| TASK GOAL |
Could you transcribe exactly the lines below, from the line with "kenaeooe 4 Pack" through the line with "Cartoon of a", and nothing else, leaving out the pictures?

=====

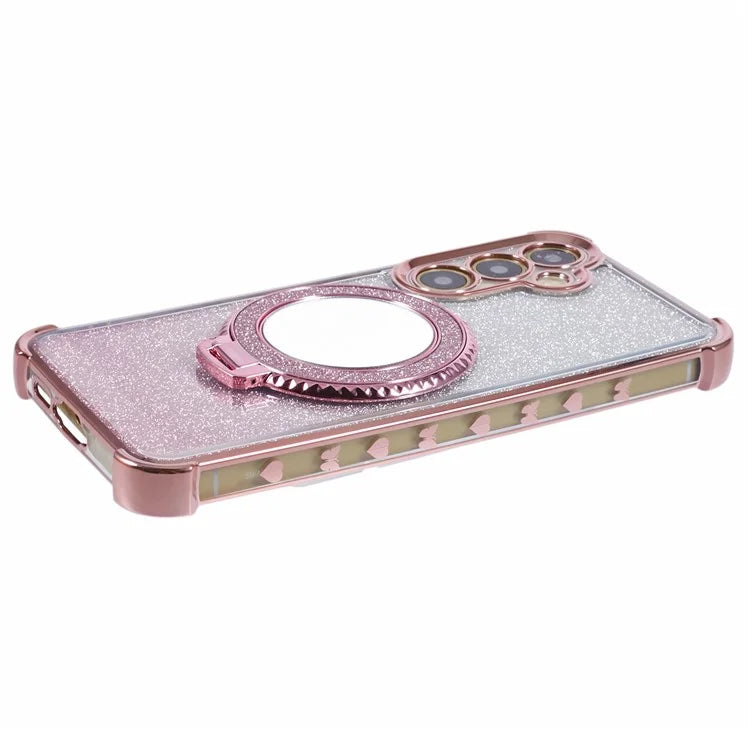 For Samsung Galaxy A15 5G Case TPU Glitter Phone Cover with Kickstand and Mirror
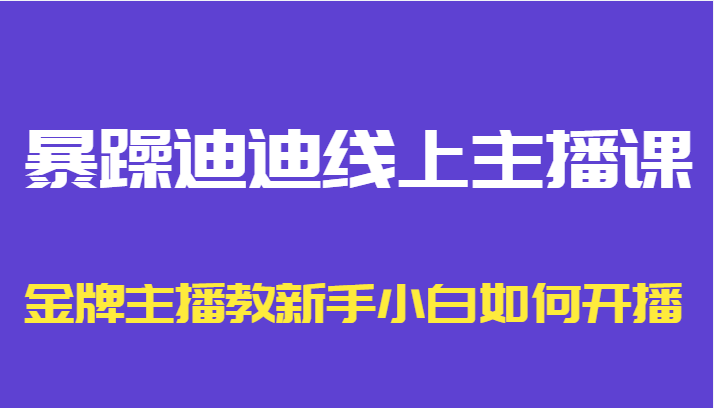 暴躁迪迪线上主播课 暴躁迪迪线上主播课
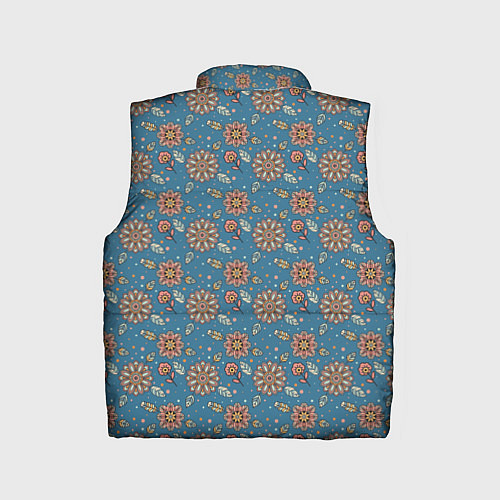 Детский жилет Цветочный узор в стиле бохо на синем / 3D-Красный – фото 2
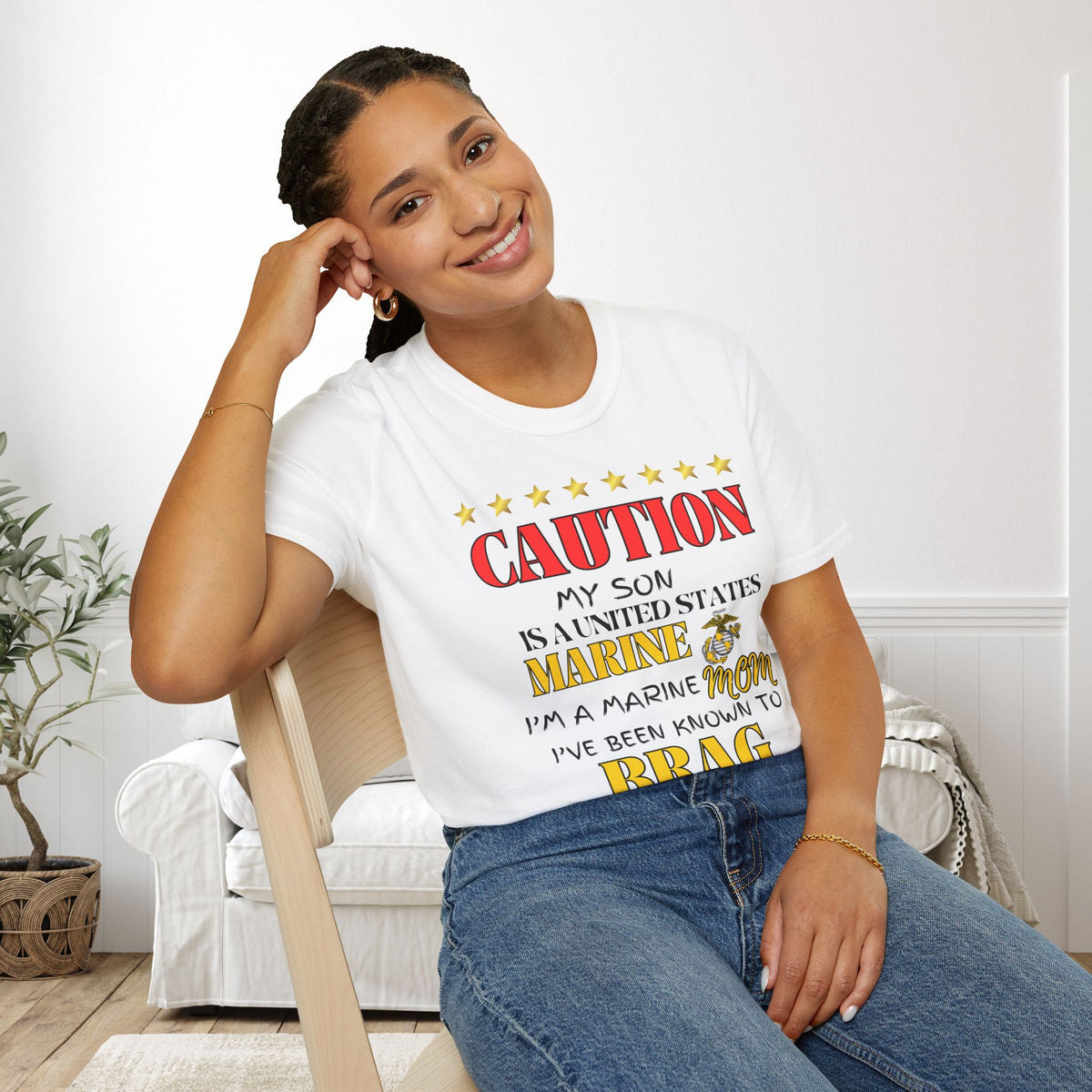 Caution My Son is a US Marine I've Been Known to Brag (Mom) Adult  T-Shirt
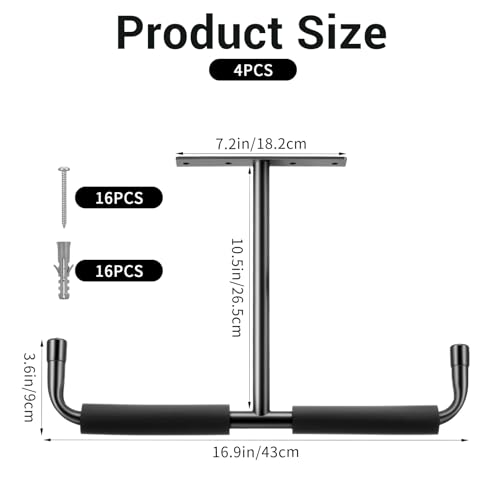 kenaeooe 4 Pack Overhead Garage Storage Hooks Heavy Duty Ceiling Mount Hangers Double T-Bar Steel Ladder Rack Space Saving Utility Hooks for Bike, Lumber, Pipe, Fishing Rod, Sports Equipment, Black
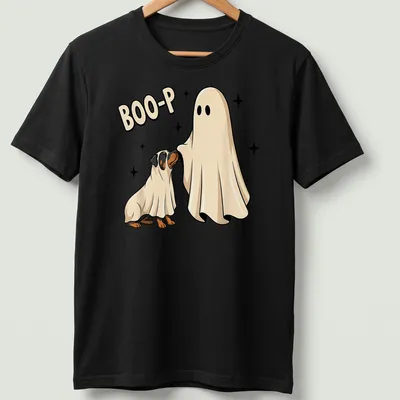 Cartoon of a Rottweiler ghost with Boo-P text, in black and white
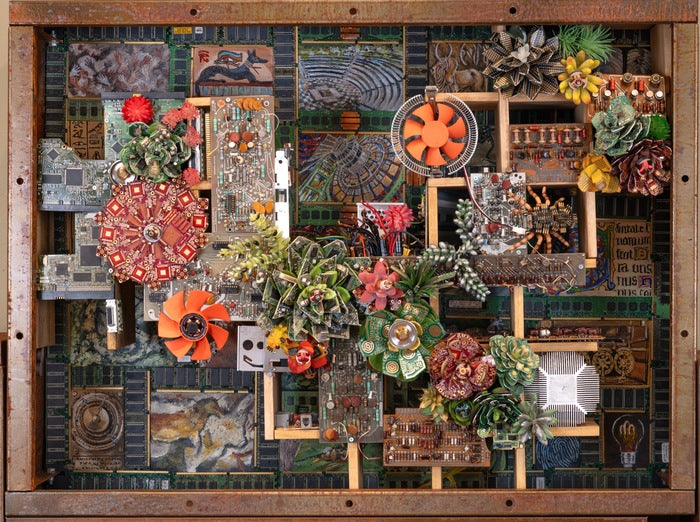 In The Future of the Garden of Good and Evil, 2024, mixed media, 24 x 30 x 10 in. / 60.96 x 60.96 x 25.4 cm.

=====

| REPLY TO THE EXERCISE |
 kenaeooe 4 Pack Overhead Garage Storage Hooks Heavy Duty Ceiling Mount Hangers Double T-Bar Steel Ladder Rack Space Saving Utility Hooks for Bike, Lumber, Pipe, Fishing Rod, Sports Equipment, Black
 Cartoon of a Rottweiler ghost with Boo-P text, in black and white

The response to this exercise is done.